Assim como “uai”, “trem” e “sô”, a expressão “êta ferro, sô!” é muito utilizada na região, sendo empregada quando se está diante de uma dificuldade. Quando o mineiro se depara com algo dificultoso, ele exclama “êta ferro, sô!”.  “Êta” é tupi-guarani e indica espanto ou surpresa. “Ferro” é o metal que conhecemos. E “sô”, como já visto, é alguém com quem se conversa.  A Fábrica de Ferro Monlevade era afamada pelo treinamento e habilidade de seus mestres-ferreiros que fabricavam peças de ferro de todas as formas e tamanhos, algumas muito meticulosas. Há registro de mestre-ferreiro de Monlevade que fabricou um relógio de parede e uma máquina de costura, tudo feito a mão na forja.

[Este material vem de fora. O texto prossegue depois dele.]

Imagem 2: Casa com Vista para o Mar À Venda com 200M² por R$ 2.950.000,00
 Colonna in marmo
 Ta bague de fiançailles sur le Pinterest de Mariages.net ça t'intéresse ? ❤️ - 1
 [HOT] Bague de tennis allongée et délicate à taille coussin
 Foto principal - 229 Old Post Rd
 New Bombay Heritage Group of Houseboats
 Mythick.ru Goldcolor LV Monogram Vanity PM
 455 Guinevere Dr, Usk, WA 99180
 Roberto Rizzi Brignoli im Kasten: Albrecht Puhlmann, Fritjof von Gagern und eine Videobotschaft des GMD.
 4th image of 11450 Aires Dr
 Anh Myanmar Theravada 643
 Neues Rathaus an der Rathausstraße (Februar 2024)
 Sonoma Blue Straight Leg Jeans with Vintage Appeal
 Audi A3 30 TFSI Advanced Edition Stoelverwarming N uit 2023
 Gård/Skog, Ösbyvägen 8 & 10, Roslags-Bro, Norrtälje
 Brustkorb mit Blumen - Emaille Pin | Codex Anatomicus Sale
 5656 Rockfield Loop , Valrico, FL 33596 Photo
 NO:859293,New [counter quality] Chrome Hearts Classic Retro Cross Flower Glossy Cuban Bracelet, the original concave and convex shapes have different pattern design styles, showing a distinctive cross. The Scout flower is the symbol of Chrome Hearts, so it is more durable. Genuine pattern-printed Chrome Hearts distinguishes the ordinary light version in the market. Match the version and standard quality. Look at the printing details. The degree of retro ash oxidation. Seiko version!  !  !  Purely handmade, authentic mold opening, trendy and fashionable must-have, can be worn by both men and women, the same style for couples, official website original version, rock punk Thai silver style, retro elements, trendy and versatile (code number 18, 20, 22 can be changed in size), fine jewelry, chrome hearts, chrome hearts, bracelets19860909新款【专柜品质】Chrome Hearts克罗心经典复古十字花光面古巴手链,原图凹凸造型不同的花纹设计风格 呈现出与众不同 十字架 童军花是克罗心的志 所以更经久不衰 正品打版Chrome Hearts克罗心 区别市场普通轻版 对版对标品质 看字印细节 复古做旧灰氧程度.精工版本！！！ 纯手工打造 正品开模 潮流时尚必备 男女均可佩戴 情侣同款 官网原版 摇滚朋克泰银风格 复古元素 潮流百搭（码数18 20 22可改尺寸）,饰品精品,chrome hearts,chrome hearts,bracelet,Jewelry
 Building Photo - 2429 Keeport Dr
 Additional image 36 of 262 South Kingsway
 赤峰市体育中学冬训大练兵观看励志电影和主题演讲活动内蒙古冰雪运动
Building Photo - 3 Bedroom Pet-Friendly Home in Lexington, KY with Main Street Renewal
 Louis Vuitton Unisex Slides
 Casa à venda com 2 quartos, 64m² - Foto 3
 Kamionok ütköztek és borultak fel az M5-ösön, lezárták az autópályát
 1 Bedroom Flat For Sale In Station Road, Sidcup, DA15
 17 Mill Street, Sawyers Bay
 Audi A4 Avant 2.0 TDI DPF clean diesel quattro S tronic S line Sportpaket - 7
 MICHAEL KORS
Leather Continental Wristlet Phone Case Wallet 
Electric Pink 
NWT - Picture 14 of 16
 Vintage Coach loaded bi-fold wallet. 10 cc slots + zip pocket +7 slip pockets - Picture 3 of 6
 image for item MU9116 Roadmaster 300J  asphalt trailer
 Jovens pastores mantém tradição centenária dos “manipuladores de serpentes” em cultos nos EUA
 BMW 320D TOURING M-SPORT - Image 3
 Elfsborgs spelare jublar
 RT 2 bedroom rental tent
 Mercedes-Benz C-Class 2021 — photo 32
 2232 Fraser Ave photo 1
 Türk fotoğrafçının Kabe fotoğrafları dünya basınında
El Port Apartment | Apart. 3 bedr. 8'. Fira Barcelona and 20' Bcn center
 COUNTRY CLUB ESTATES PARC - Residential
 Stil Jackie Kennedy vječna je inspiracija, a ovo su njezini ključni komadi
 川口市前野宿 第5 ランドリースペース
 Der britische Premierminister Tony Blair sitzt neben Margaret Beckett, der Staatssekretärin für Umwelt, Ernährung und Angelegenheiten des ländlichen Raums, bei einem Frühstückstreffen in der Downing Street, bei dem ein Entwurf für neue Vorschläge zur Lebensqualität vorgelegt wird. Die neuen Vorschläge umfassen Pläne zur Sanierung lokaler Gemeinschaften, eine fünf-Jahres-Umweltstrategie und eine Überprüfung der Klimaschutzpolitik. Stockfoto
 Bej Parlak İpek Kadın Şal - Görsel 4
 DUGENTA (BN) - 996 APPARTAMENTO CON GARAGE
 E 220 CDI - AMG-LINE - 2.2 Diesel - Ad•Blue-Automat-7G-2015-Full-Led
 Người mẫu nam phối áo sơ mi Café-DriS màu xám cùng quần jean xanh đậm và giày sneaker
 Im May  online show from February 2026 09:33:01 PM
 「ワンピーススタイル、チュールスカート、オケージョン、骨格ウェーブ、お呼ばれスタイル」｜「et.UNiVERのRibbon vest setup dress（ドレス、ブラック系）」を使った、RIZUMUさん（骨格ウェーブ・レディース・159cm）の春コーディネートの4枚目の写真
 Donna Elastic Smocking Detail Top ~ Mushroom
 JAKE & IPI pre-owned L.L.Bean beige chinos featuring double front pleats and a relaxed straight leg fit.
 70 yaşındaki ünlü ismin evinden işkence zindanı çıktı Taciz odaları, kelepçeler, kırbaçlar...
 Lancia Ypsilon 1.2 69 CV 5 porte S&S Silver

Acredito que quanto um dos mestres-ferreiros de Monlevade se punha a forjar um ferro mais meticuloso, daqueles de marteladas contadas, precisas, em que se empregava técnicas hoje esquecidas, então, ele  iniciava a seqüência e as manobras dos golpes de forja e, pela complexidade própria do serviço, batia o malho fora do lugar, inviabilizando a peça e, então, frustrado, exclamava: “êta ferro, sô!”:trabalho todo perdido! Então, um tropeiro que, curioso, observa aquele trabalho, enquanto carregava as bruacas de sua tropa com as últimas dúzias de ferraduras, cravos e ferramentas para ferrar, ouvia aquela expressão, retornava, por exemplo, para Diamantina e quando lá chegava, deparava-se como uma situação dificultosa e também exclamava: “êta ferro, sô!”. Um carreiro de Monlevade deixava a fábrica para levar até a Mina do Morro Velho determinada peça de ferro, então, no último pouso  a roda do carretão quebrava e ele, que já havia escutado aquilo mil vezes, também exclamava: “êta ferro, sô!” O dono do pouso ouvia aquilo e passava a diante.
Afinal, onde mais poderia ter sido cunhada em Minas Gerais a expressão regional “Êta ferro, sô!”, a não ser na Fábrica de Ferro que participou diretamente do processo de mineração, do qual “uai”, “trem” e “sô” se originaram? Só pode ter sido em Monlevade!